As a relatively new entrant into the world of user experience (UX), and UX Design, the labor that they provide is something that is generally hidden when using information and communication technologies, especially those of new media. It is a common position, team, or even department at most internet companies, and I had never heard of such a job until I began taking human-computer interaction courses at Cornell.
As an example, I looked at Google’s UX & Design job page, where they list the following description:
“Focus on the user and all else will follow.” The job of our User Experience professionals is to make sure that our products are useful, usable and desirable to millions of users worldwide.
The human labor exerted within this group includes creating designs, mock-ups and prototypes, doing research, user testing, and creating features that affect how users view and experience a service from Google, such as how the interactions needed to upload or watch a YouTube video, or how the Gmail interface looks. They don’t create content that end users produce or obtain, but they play a vital role in shaping how users experience the actual content of the media.
Downey often discusses in historical examples about how different labor helps information jump contexts, as his sources of labor are directly in the “path of transit” of information – the information has to pass through labor, which helps it “jump” contexts. I am not sure how much that applies in new media – much of the “path of transit” is sustained through technological links; the human labor helps create the platform where this takes place, but the information doesn’t pass directly through the laborers. In other words, UX Designers at Google don’t use their labor to directly format and deliver information, but rather use labor to create and decide how a platform will format and deliver information.
Ironically, much of the labor that UX Designers do is invisible, even though the end product is obviously visible, causing me to call this the paradox of UX Designers. Because the focus of their labor is on creating user experiences, the work that they do emphasizes the relationship between the end users and the technology (such as how does the user interact with Gmail, how do they experience working on Google Docs with other users?), which obscures the very real acts of labor that the UX designers themselves perform, rendering them invisible. Most people don’t think about why webpages are designed a certain way, or the research, iterations, and work behind it – the way it looks and feels is just the way it looks and feels.
Given this, however, it is very important to recognize the labor that UX Designers do, because they are human too.

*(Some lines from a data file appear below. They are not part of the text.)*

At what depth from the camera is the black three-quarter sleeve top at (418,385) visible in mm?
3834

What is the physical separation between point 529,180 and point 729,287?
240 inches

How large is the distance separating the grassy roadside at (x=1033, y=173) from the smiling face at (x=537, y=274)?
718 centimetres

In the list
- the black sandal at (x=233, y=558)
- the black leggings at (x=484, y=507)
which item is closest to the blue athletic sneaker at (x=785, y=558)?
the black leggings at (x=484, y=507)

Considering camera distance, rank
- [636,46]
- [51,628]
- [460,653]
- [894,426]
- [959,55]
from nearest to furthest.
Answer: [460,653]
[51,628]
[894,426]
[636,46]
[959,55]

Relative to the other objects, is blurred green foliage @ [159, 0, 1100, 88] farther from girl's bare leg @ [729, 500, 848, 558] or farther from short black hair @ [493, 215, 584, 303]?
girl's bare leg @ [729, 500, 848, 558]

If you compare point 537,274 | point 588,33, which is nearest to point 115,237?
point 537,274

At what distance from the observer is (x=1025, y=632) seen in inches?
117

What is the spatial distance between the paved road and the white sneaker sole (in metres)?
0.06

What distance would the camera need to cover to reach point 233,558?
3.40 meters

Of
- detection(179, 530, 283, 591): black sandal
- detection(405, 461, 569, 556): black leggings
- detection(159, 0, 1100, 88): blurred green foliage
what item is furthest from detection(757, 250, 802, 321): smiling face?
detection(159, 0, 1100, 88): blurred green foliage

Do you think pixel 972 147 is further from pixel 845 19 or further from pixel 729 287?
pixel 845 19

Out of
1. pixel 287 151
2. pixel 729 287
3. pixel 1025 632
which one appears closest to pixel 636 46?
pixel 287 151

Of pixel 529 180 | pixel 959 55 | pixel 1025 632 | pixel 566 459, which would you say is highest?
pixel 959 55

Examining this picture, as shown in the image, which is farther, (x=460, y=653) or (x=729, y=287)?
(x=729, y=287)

They have their own beliefs, follow various social norms, and operate within a cultural context – and inevitably, some of these beliefs affect their labor, which can affect how users experience, send, and receive information. They are not impervious to creating biases; perhaps an interface for a Google service does not adequately serve someone with a vision disability, or a design may encourage users subconsciously to look at certain search results over others.

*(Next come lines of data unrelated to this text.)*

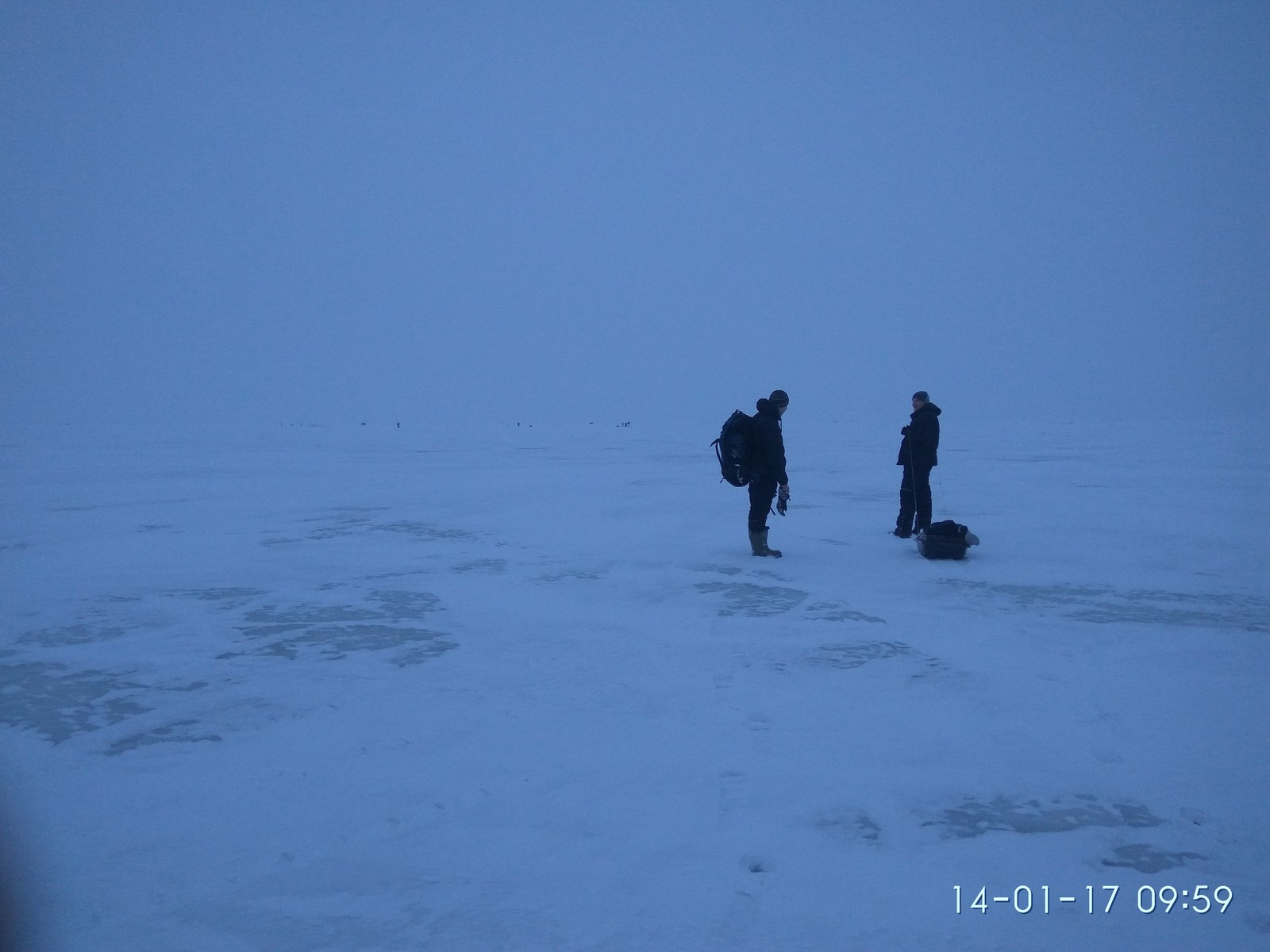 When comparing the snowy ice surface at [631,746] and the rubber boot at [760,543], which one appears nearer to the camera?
the snowy ice surface at [631,746]

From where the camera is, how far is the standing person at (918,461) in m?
8.80

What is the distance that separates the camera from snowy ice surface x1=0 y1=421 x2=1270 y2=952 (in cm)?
248

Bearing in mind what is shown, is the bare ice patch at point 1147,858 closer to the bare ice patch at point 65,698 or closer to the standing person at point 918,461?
the bare ice patch at point 65,698

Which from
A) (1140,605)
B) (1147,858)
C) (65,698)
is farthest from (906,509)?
(65,698)

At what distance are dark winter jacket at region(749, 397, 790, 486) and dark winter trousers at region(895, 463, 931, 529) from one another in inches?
70.5

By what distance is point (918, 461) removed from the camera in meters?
8.82

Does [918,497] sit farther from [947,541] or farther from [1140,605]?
[1140,605]

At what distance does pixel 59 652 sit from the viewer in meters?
4.96

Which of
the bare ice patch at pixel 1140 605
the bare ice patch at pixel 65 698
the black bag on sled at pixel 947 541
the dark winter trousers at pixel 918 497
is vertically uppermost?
the dark winter trousers at pixel 918 497

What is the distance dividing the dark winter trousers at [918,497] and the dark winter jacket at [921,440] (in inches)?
4.4

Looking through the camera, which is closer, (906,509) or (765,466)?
(765,466)

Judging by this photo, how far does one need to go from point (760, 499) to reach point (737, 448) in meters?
0.64

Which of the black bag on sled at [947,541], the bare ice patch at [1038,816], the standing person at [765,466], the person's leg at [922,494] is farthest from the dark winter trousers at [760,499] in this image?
the bare ice patch at [1038,816]

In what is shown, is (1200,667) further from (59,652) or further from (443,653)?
(59,652) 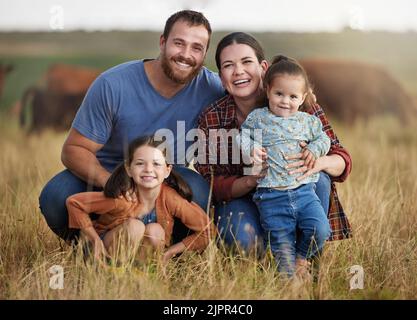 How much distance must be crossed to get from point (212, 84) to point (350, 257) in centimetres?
100

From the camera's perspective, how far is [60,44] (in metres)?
16.3

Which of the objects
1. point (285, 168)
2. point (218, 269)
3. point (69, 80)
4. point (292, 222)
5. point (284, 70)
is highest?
point (69, 80)

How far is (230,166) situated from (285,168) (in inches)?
13.8

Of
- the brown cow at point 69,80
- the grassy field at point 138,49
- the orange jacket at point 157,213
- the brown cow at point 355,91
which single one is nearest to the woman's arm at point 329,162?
the orange jacket at point 157,213

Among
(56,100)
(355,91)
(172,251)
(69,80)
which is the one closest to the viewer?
(172,251)

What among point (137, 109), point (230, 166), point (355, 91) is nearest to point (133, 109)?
point (137, 109)

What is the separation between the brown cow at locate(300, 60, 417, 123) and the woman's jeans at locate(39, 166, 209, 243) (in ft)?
22.4

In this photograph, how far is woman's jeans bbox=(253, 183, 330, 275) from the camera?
3.02 metres

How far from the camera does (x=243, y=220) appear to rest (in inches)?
123

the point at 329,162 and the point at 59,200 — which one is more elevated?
the point at 329,162

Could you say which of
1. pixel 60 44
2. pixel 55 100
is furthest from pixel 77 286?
pixel 60 44

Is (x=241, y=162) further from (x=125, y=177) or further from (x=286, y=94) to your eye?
(x=125, y=177)

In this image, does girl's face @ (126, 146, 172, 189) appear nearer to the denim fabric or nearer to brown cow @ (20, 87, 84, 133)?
the denim fabric

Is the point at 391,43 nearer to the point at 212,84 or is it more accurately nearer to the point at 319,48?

Recognizing the role of UX Designers in the network is very important, because the way that we experience the not work is not necessarily the only way or even the best way to experience the network. The ways in which we experience how information is formatted and delivered is the consequence of human choices and actions, and explicitly recognizing the labor that creates our experience can help us be more critical and aware of possible biases in design, and maybe even more imaginative and creative in recognizing that the interactions that we have with information and technology are not the only way to do so.